The number of unstable directions is finite, given by

$$m=max\{j:{\lambda }_j>0\}.$$

For each $m\ge 1$, we define the m-dimensional unstable manifold $W_m^u$ associated with the steady state $v\equiv 0$. More precisely, $W_m^u$ consists of all solutions $v\left(s\right)$ of (5) defined for $s\ll 0$ such that

$$\underset{s\to -\infty }{lim}\parallel v\left(s\right)-{\displaystyle \sum _{j=0}^m}{a}_j{e}^{{\lambda }_{j}s}{\varphi }_j{\parallel }_{L_{\rho }^2}=0,$$

for some coefficients $a_j$. That is, trajectories in $W_m^u$ approach the equilibrium along the span of the m leading unstable modes. Standard invariant manifold theory (see [16,17]) guarantees that $W_m^u$ is a smooth, finite-dimensional manifold tangent to $X^u$ at the origin. Since only finitely many modes are unstable whenever $p<1+2/k$, the dynamics near blow-up can be reduced to a finite-dimensional system on $W_m^u$. In this reduced setting, the evolution of the coefficients $a_j\left(s\right)$ governs the asymptotic shape of $v(s,y)$. Thus, the nonlinear infinite-dimensional PDE reduces to a low-dimensional dynamical system that fully controls the blow-up geometry. The unstable manifold $W_m^u$ corresponds to blow-up profiles with m oscillations. Indeed, the eigenfunction ${\varphi }_j$ has exactly j zeros, so linear combinations of the first m unstable modes yield solutions with at most m local extrema. By the monotonicity of the zero-number functional (Angenent [8]), the number of extrema cannot increase in time, which implies that trajectories originating in $W_m^u$ lead to blow-up solutions with exactly m critical points.
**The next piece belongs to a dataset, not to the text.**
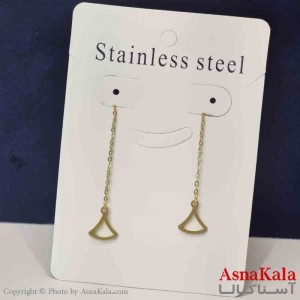 گوشواره دخترانه مدل ایرکاف مثلث بخیه استیل 316 کد GSH151461W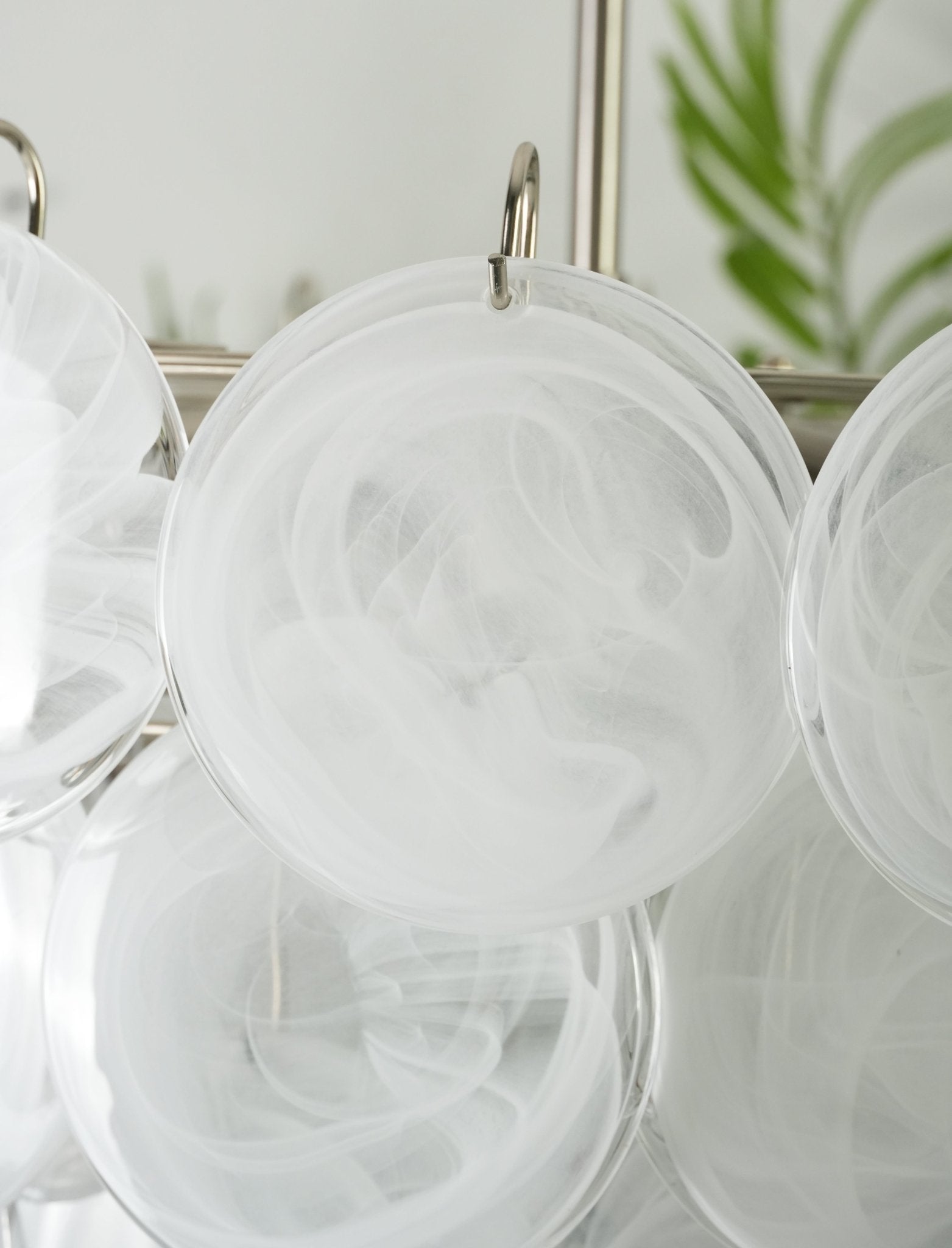 Aurora Chandelier White Murano Glass Disc - Neutralighting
4.2. Backward and Forward Blow-Up

Solutions in $W_m^u$ have precise asymptotic behavior as $s\to -\infty$, corresponding to backward blow-up at $t=-1$. As s increases, these solutions leave the neighborhood of $v\equiv 0$ in finite rescaled time, which corresponds to forward blow-up at $t=T>0$. Thus, unstable manifolds provide the rigorous framework for constructing solutions that blow up in both time directions, with spatial profiles classified by m. The use of invariant manifolds in the analysis of parabolic equations goes back to Henry’s seminal monograph [16]. Fiedler and Mallet-Paret [17] emphasized their role in reaction–diffusion systems, while Matano and Angenent connected them to zero-number arguments [18]. In the blow-up setting, Merle and Zaag [6] employed unstable manifolds to classify self-similar blow-up profiles and their stability. More recently, works in [10,11,19] extended these techniques to multi-bubble and unstable blow-up regimes. Our contribution adapts this theory to the novel case of solutions that blow up both backward and forward in time [20,21].

To interpret the dynamics in the original variables, we recall that the similarity transformation is given by $t=e^s-1$. Therefore, the asymptotic regime $s\to -\infty$ corresponds to $t\to -1^{+}$, which describes backward blow-up. Conversely, finite-time exit in the rescaled variable, namely $s\to s^{*}<\infty$, corresponds to forward blow-up at some finite time $t=T>-1$. This correspondence ensures that the trajectory of the dynamical system fully captures the two-sided blow-up behavior when translated back into the original variables.

5. Main Theorem on Prescribed Blow-Up Profiles

The spectral and dynamical system framework established above allows us to describe and control the shape of blow-up profiles with remarkable precision. The central result of this work is that one can not only classify blow-up solutions by the number of critical points but also prescribe their actual critical values.

Theorem 1.

Fix integers $k>1$ and $0<m\le k$, and assume the exponent satisfies $1<p<1+2/k$. Let $u_1,\dots ,u_m\in \mathbb{R}\cup \{\pm \infty \}$ be arbitrary values. Then, there exists initial data $u_0\in H_{\mathrm{loc}}^1\left(\mathbb{R}\right)$ such that the solution $u(t,x)$ of the semilinear heat Equation (1) exists on the interval $(-1,T)$ for some $T>0$, and blows up at both $t=-1$ and $t=T$. Moreover, the forward blow-up profile at $t=T$ has exactly $m+1$ monotonicity intervals, with critical values given by $\{u_1,\dots ,u_m\}$.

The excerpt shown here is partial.